Here’s the same streaming example above, but using the [OpenAI Javascript/Typescript Library](https://github.com/openai/openai-node).

```js
import OpenAI from "openai";

const openai = new OpenAI({
  baseURL: "<ENDPOINT_URL>" + "/v1/", // replace with your endpoint url
  apiKey: "<HF_API_TOKEN>", // replace with your token
});

async function main() {
  const stream = await openai.chat.completions.create({
    model: "tgi",
    messages: [
      { role: "system", content: "You are a helpful assistant." },
      { role: "user", content: "Why is open-source software important?" },
    ],
    stream: true,
    max_tokens: 500,
  });
  for await (const chunk of stream) {
    process.stdout.write(chunk.choices[0]?.delta?.content || "");
  }
}

main();
```


<a id="section_3"></a>

## 3. Integrate with LangChain and LlamaIndex

Now, let’s see how to use this newly created endpoint with popular RAG frameworks like LangChain and LlamaIndex.


### How to use with LangChain

To use it in [LangChain](https://python.langchain.com/docs/get_started/introduction), simply create an instance of `ChatOpenAI` and pass your `<ENDPOINT_URL>` and `<HF_API_TOKEN>` as follows:


In [7]:
from langchain_openai import ChatOpenAI

llm = ChatOpenAI(
    model_name="tgi",
    openai_api_key=HF_API_KEY,
    openai_api_base=os.path.join(BASE_URL, "v1/"),
)
llm.invoke("Why is open-source software important?")

AIMessage(content='Open-source software is important for several reasons:\n\n1. Transparency: Open-source software allows users to see the underlying code, making it easier to understand how the software works and identify any potential security vulnerabilities or bugs. This transparency fosters trust between users and developers.\n\n2. Collaboration: Open-source projects encourage collaboration among developers, allowing them to work together to improve the software, fix issues, and add new features. This collective effort can lead to')

We’re able to directly leverage the same `ChatOpenAI` class that we would have used with the OpenAI models. This allows all previous code to work with our endpoint by changing just one line of code.

Let’s now use our Mixtral model in a simple RAG pipeline to answer a question over the contents of a HF blog post.


In [8]:
from langchain import hub
from langchain.text_splitter import RecursiveCharacterTextSplitter
from langchain_community.document_loaders import WebBaseLoader
from langchain_community.vectorstores import Chroma
from langchain_core.output_parsers import StrOutputParser
from langchain_core.runnables import RunnablePassthrough
from langchain_core.runnables import RunnableParallel
from langchain_community.embeddings import HuggingFaceEmbeddings

# Load, chunk and index the contents of the blog
loader = WebBaseLoader(
    web_paths=("https://huggingface.co/blog/open-source-llms-as-agents",),
)
docs = loader.load()

# declare an HF embedding model
hf_embeddings = HuggingFaceEmbeddings(model_name="BAAI/bge-large-en-v1.5")
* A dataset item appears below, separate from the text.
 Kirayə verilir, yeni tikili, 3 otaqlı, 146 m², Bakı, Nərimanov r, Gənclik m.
text_splitter = RecursiveCharacterTextSplitter(chunk_size=512, chunk_overlap=200)
splits = text_splitter.split_documents(docs)
vectorstore = Chroma.from_documents(documents=splits, embedding=hf_embeddings)
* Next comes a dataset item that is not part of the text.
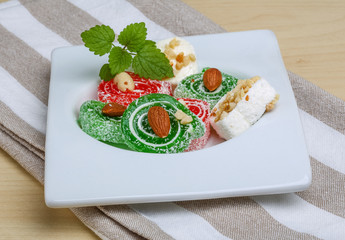 Turkish delight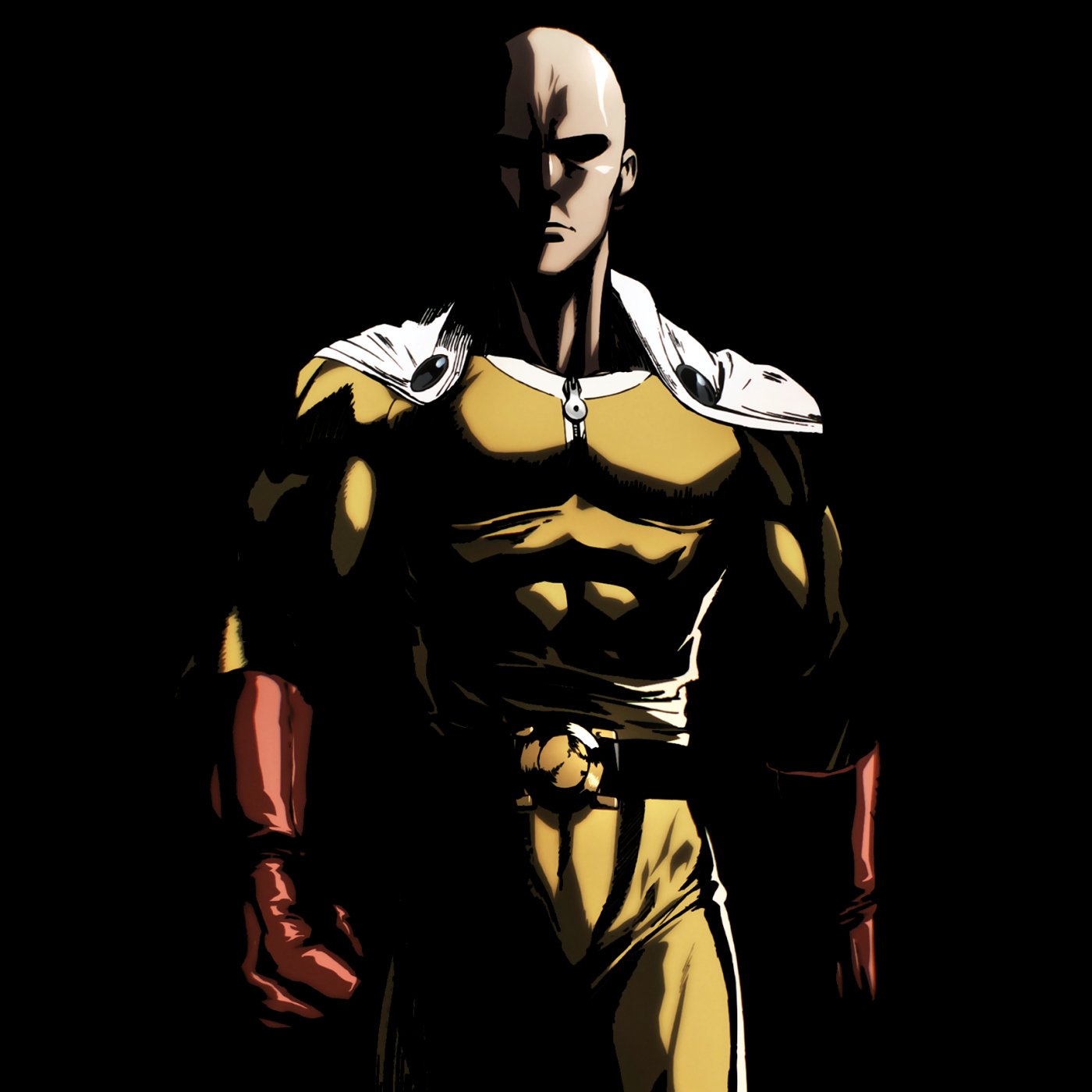 Download Saitama One Punch Man Anime One Punch Man Pfp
# Retrieve and generate using the relevant snippets of the blog
retriever = vectorstore.as_retriever()
prompt = hub.pull("rlm/rag-prompt")


def format_docs(docs):
    return "\n\n".join(doc.page_content for doc in docs)


rag_chain_from_docs = (
    RunnablePassthrough.assign(context=(lambda x: format_docs(x["context"])))
    | prompt
    | llm
    | StrOutputParser()
)

rag_chain_with_source = RunnableParallel(
    {"context": retriever, "question": RunnablePassthrough()}
).assign(answer=rag_chain_from_docs)

rag_chain_with_source.invoke(
    "According to this article which open-source model is the best for an agent behaviour?"
)

{'context': [Document(page_content='To overcome this weakness, amongst other approaches, one can integrate the LLM into a system where it can call tools: such a system is called an LLM agent.\nIn this post, we explain the inner workings of ReAct agents, then show how to build them using the ChatHuggingFace class recently integrated in LangChain. Finally, we benchmark several open-source LLMs against GPT-3.5 and GPT-4.', metadata={'description': 'We’re on a journey to advance and democratize artificial intelligence through open source and open science.', 'language': 'No language found.', 'source': 'https://huggingface.co/blog/open-source-llms-as-agents', 'title': 'Open-source LLMs as LangChain Agents'}),
  Document(page_content='Since the open-source models were not specifically fine-tuned for calling functions in the given output format, they are at a slight disadvantage compared to the OpenAI agents.\nDespite this, some models perform really well! 💪\nHere’s an example of Mixtral-8x7B 

### How to use with LlamaIndex

Similarly, you can also use a TGI endpoint in [LlamaIndex](https://www.llamaindex.ai/). We’ll use the `OpenAILike` class, and instantiate it by configuring some additional arguments (i.e. `is_local`, `is_function_calling_model`, `is_chat_model`, `context_window`).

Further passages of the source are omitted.